• _Task details_
Once you reach the line with "1513 Timber Drive, Cabool, MO 65689" below, copy each line exactly, stopping after the line with "Carrinho Chicco Living com alcofa e malinha", and skip any pictures.

• _Stored data_
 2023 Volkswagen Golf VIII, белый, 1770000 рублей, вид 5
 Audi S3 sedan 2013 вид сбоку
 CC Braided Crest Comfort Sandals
---
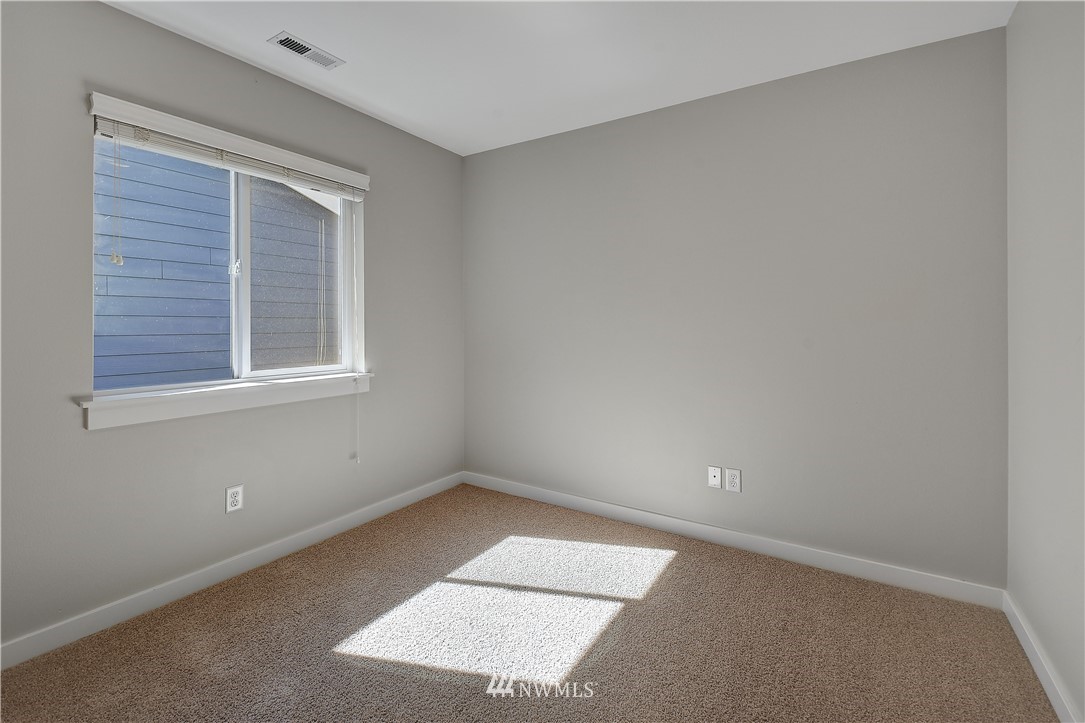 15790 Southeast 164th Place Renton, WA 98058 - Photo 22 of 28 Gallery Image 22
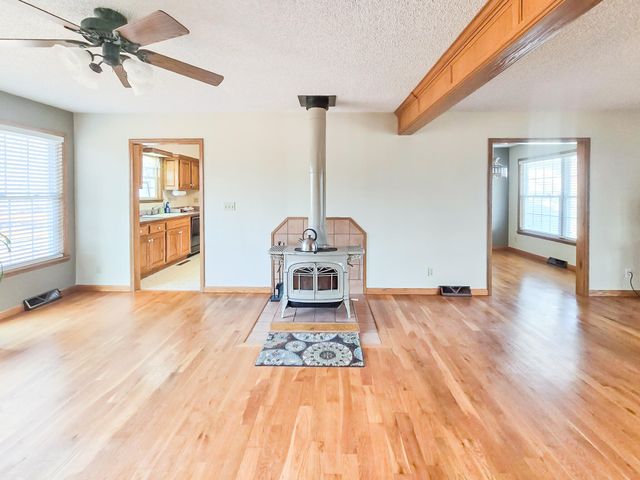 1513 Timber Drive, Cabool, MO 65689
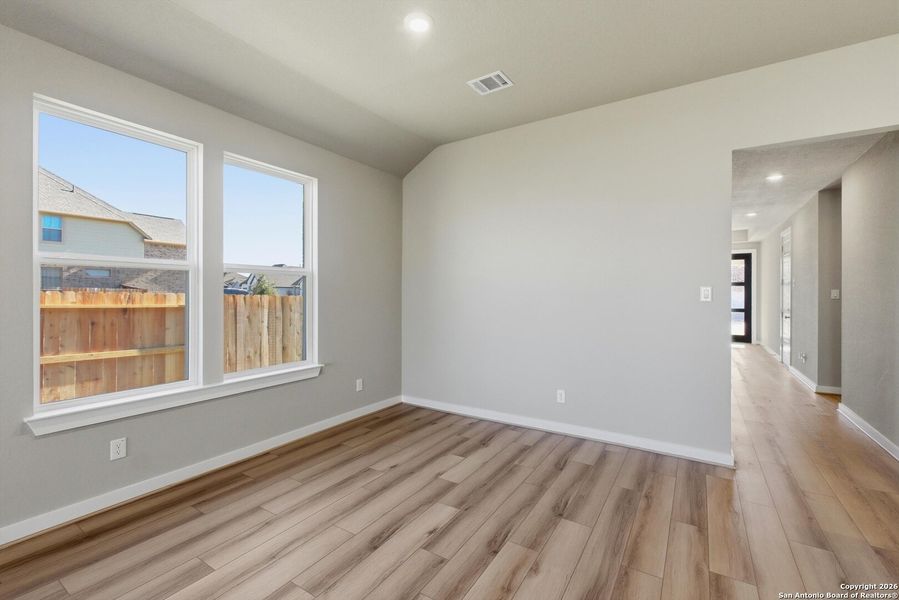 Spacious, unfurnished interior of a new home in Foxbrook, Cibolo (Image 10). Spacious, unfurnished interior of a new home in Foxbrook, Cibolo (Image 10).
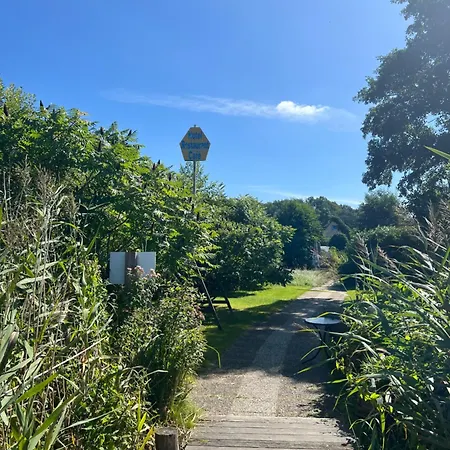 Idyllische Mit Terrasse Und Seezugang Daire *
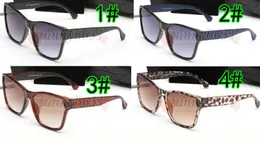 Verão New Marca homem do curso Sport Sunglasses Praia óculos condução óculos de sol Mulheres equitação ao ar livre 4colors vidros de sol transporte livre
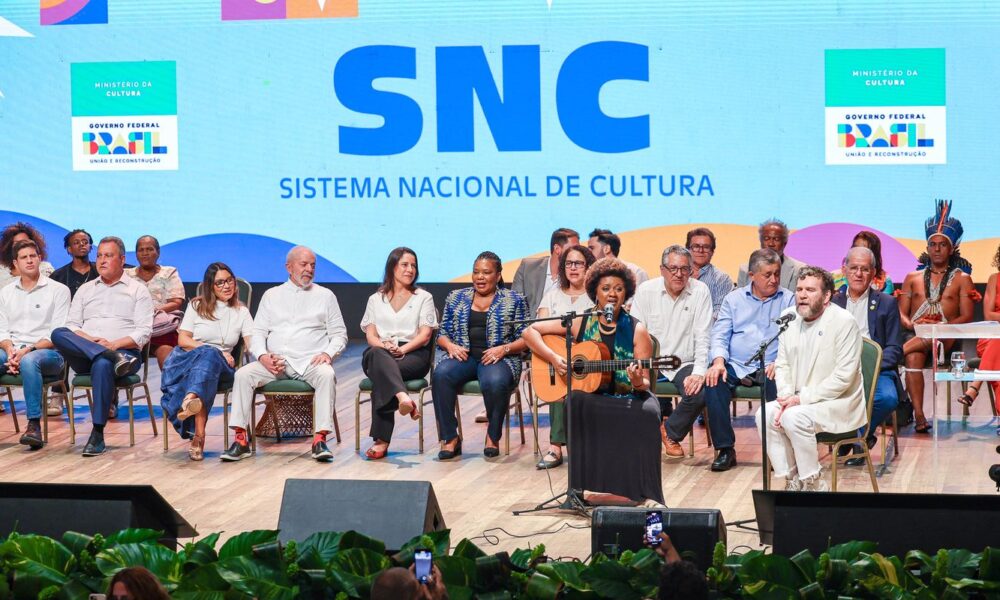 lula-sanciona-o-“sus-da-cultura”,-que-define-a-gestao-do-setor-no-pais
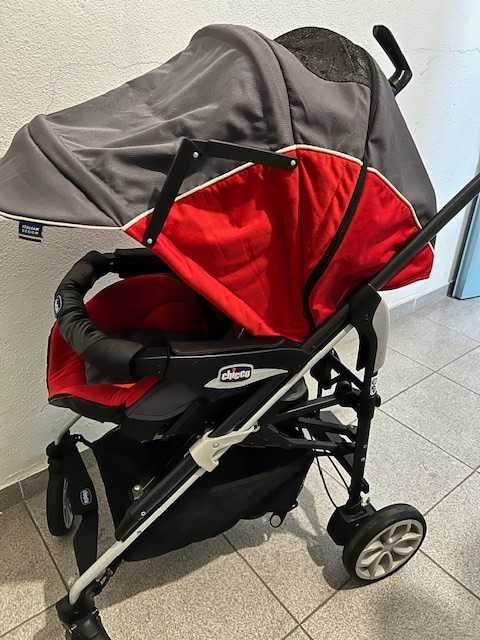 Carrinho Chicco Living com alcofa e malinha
--
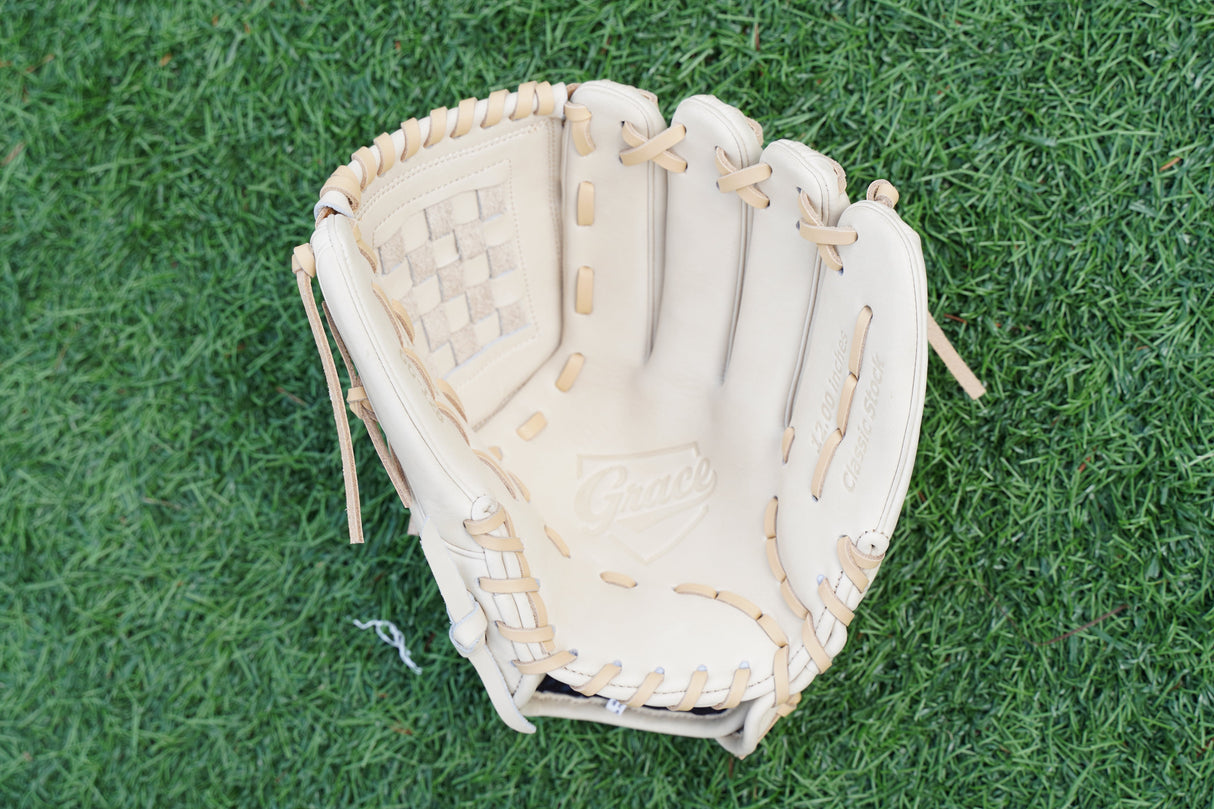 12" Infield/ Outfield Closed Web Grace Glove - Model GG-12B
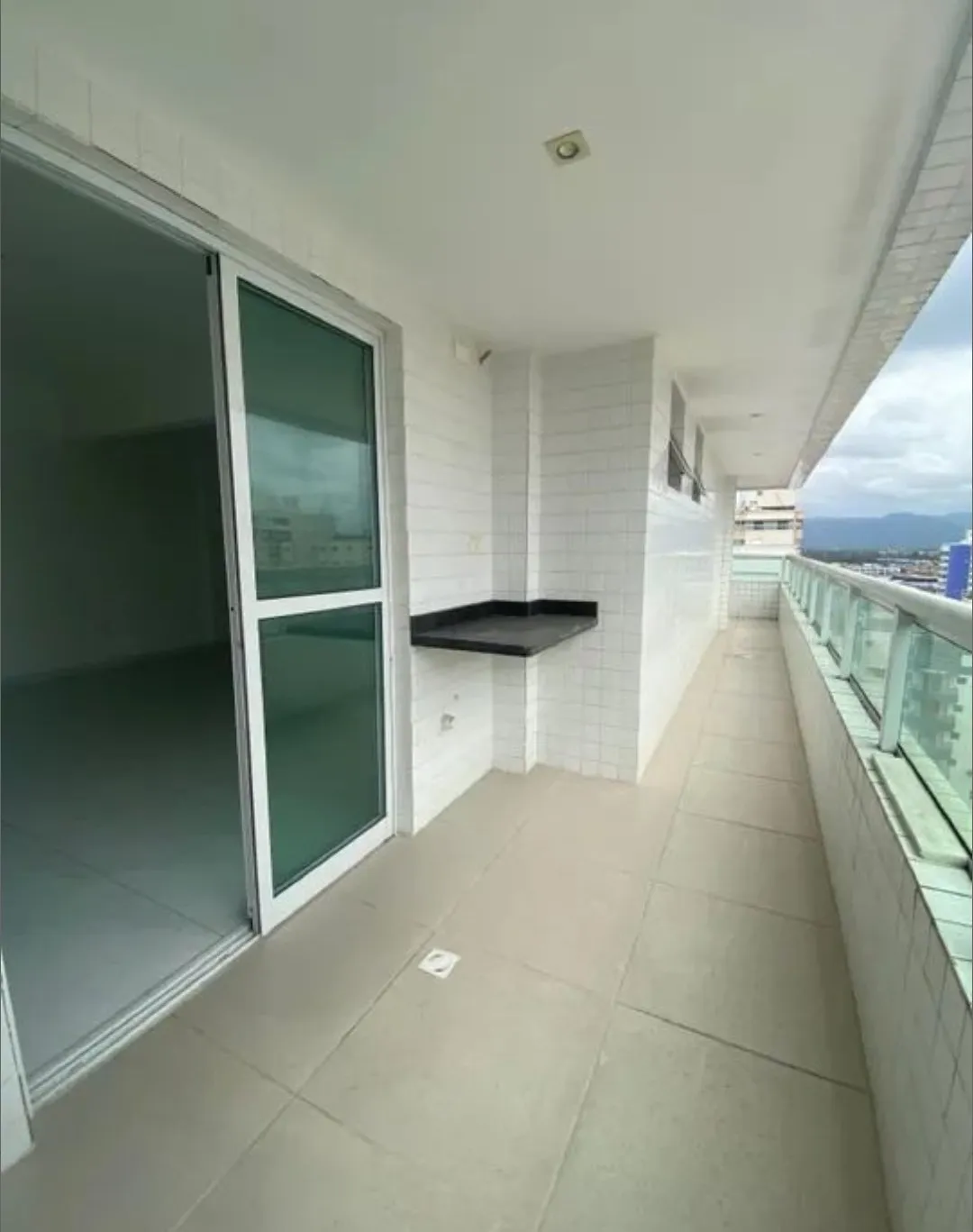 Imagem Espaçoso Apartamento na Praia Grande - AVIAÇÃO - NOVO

• _Exercise result_
 1513 Timber Drive, Cabool, MO 65689
 Spacious, unfurnished interior of a new home in Foxbrook, Cibolo (Image 10). Spacious, unfurnished interior of a new home in Foxbrook, Cibolo (Image 10).
 Idyllische Mit Terrasse Und Seezugang Daire *
 Verão New Marca homem do curso Sport Sunglasses Praia óculos condução óculos de sol Mulheres equitação ao ar livre 4colors vidros de sol transporte livre
 lula-sanciona-o-“sus-da-cultura”,-que-define-a-gestao-do-setor-no-pais
 Carrinho Chicco Living com alcofa e malinha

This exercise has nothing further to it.